記者注:

 「オキュパイ・セントラル(セントラルを占拠せよ、広東語で『佔領中環』もしくはその略語である『佔中』)」とは、香港の金融・行政の中心である中環(セントラル)を占拠することで機能を阻害し、政府に圧力をかけて民主主義を獲得しようという市民運動の手法。2011年9月に米国で富の偏在の解消を訴える「オキュパイ・ウォール・ストリート(ウォール街を占拠せよ)」という運動が起こったことにヒントを得て、2013年1月に香港大学法学副教授の戴耀廷によって提唱された。それまで実施されてきたハンガーストライキやデモでは影響力が小さかったため、2017年に実施される行政長官選挙で普通選挙を実施させるために、政治的により強力な武器として非暴力・不服従の「占拠」を選択肢に入れるべきだと説いた。天安門事件後に中国本土からの亡命を支援する「黄雀作戦」に関わったことで知られるキリスト教牧師の朱耀明、香港中文大学副教授の陳健民がこれに賛同。3月には政府が普通選挙の実現に応じない場合はオキュパイ・セントラルを発動すると宣言した。
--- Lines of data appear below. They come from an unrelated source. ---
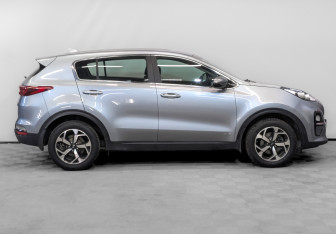 Подержанный автомобиль Kia Sportage 2019 года (4 фото)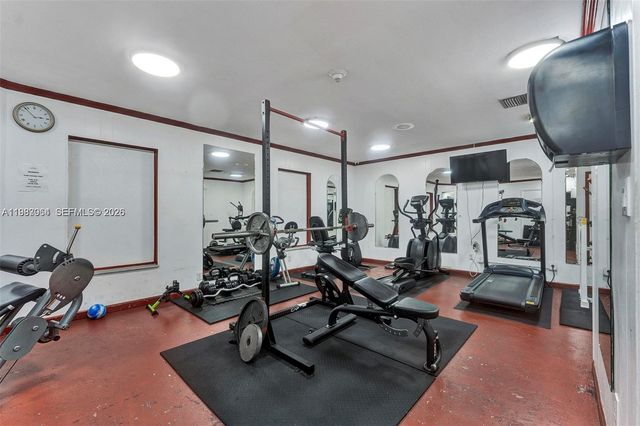 4270 NW 40th Street 201, Lauderdale Lakes, FL 33319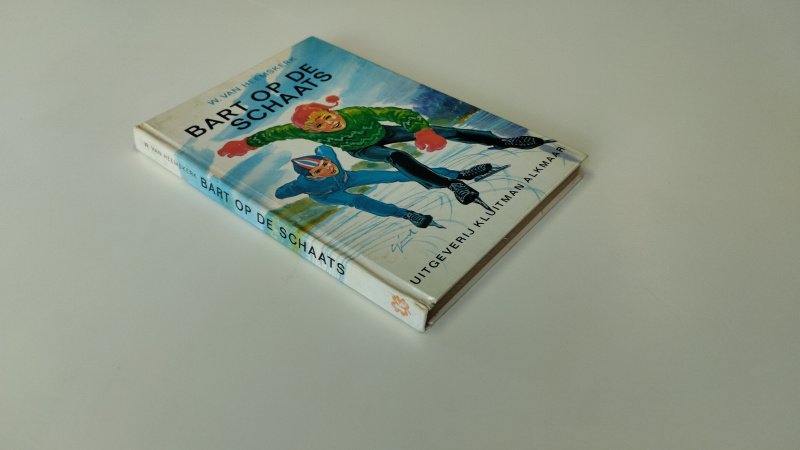 Tweedehands boek: Bart op de schaats van auteur W. van Heemskerk (pseud. van Willy van Roode.) - In goede staat. Nederlandstalige hardcover zonder stofomslag. Kaft lichte gebruikssporen en lichte slijtage aan hoeken; naam op titelblad rest van  pagina’s netjes en schoon, licht verkleurd passend bij leeftijd.
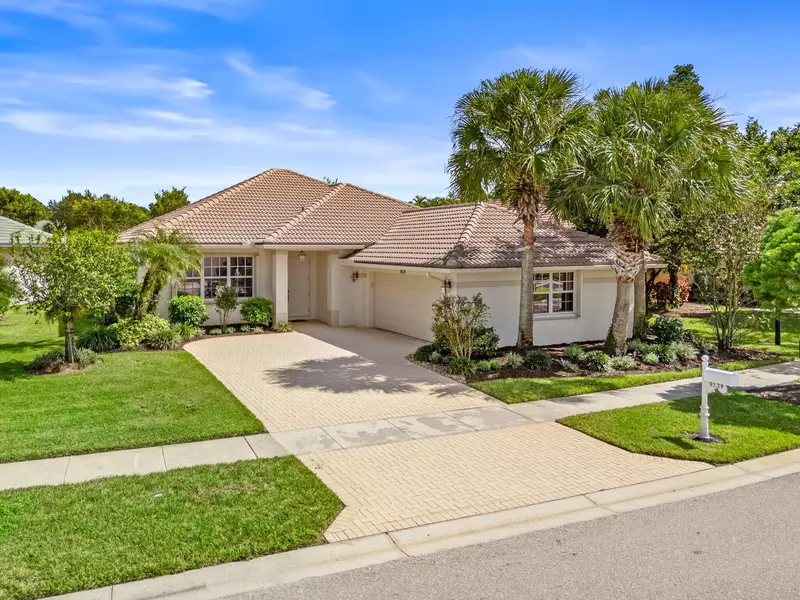 9139 Bay Harbour CIR, West Palm Beach, FL 33411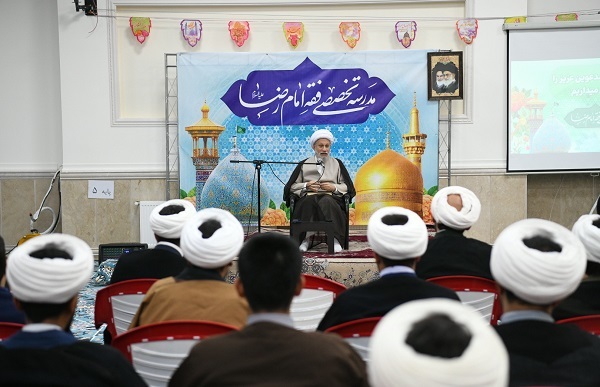 مراسم تجلیل از برگزیدگان مدرسه تخصصی فقه الرضا شیراز برگزار شد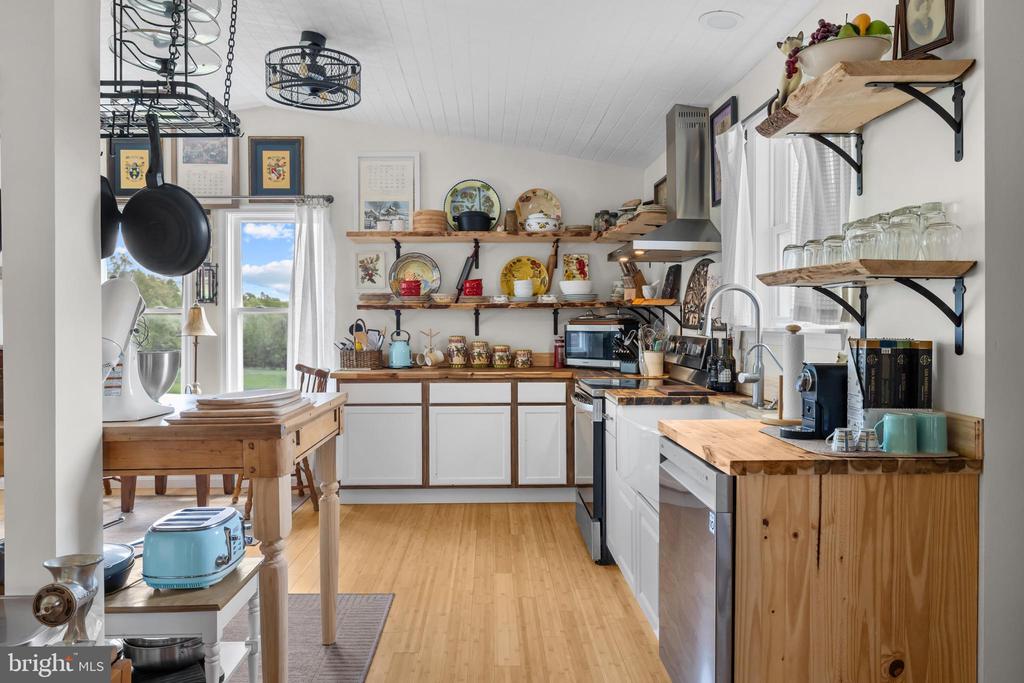 10444 WILLOWSPRING LN, WARRENTON, Virginia 20186, 3 Bedrooms Bedrooms, ,2 BathroomsBathrooms,Residential,10444 WILLOWSPRING LN,VAFQ2021630 MLS # VAFQ2021630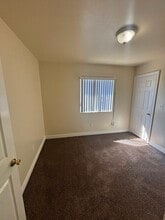 132 E 79th St in Los Angeles, CA - Foto de edificio - Building Photo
 2014年には普通選挙実現運動の主導権が戴、朱、陳から学生団体に移ったため、雨傘革命の運動を彼らが先導したわけではないが、同運動で用いられた大人数による道路占拠という闘争手法の提唱者であることは間違いない。

 2019年4月24日、裁判所は雨傘革命運動の道路占拠が香港社会に不便と苦難を与えたとして、その手法を提唱した陳と戴に禁錮1年4カ月の実刑判決を、朱に禁錮1年4カ月、2年間の執行猶予判決を言い渡した。裁判所はこれに先立つ4月9日にも雨傘革命に関わった別の6人に対して有罪判決を言い渡している。

 ただしこの時点(4月末)では、私も現場にいましたが、若い世代の参加者はほとんどいませんでした。それが徐々に変わっていきます。

 5月に立法会(国会に相当)で民主派の議員たちが条例改正の審議を食い止めようと争い、香港人の怒りに火を付けました。これで多くの人が逃亡犯条例改正の問題を知りました。これを受けて、5月末に300校を超える中学校の生徒(香港は中高一貫のため、年齢としては日本での高校生を含む)が条例改正反対の署名を集めます。彼らは寄付を募って、新聞に意見広告を出すこともしました。署名活動への賛同者は次第に増えていって、初めは生徒や学生たちでしたが、やがて主婦や、障害者や、大学の卒業生などに広がっていきました。

 6月9日に大規模デモが発生するまでにこうした動きがあって、逃亡犯条例改正の問題は、一部の政治に関心のある民主派だけでなく、若者を中心とした香港の幅広い階層に浸透していたのです。6月12日のデモでは、参加者の8割は若者たちでした。

記者注:

 逃亡犯条例の改正を急ぐ政府・親政府派議員と、これを阻止しようとする民主派議員の対立は2019年5月半ばに激化した。14日には審議を進めるために委員会の議長選出を強行しようと試みた親政府派と民主派が激しいもみ合いとなり、病院に搬送される議員も出た。同日の委員会はわずか10分ほどで中断された。この様子が報道されたことで、逃亡犯条例改正について香港社会の関心が高まった。

 学生の署名はインターネットで集められた。立場新聞「【名單不斷更新】聯署反對逃犯條例修訂 全港遍地開花 校友聯署涉近三百中學」に各校の署名へのリンクが掲載されている。学校だけでなく、宗教団体や職域団体なども広く参加していることが分かる。

 集められた署名と寄付をもとに、6月4日には香港紙「明報」に署名を添えた意見広告を出して6月9日のデモ参加を呼びかけた。6月9日デモが大規模化した背景には、こうした動きがあった。

(写真/的野弘路)
(写真/的野弘路)

こうした若い世代や幅広い階層での署名活動などは、これまでの香港の社会運動でも見られたのでしょうか。

 雨傘革命のときにもありましたし、その前にもありました。ただ、規模は今回のものよりも小さかったし、何より違うのは様々な階層の人たちが参加したことでしょう。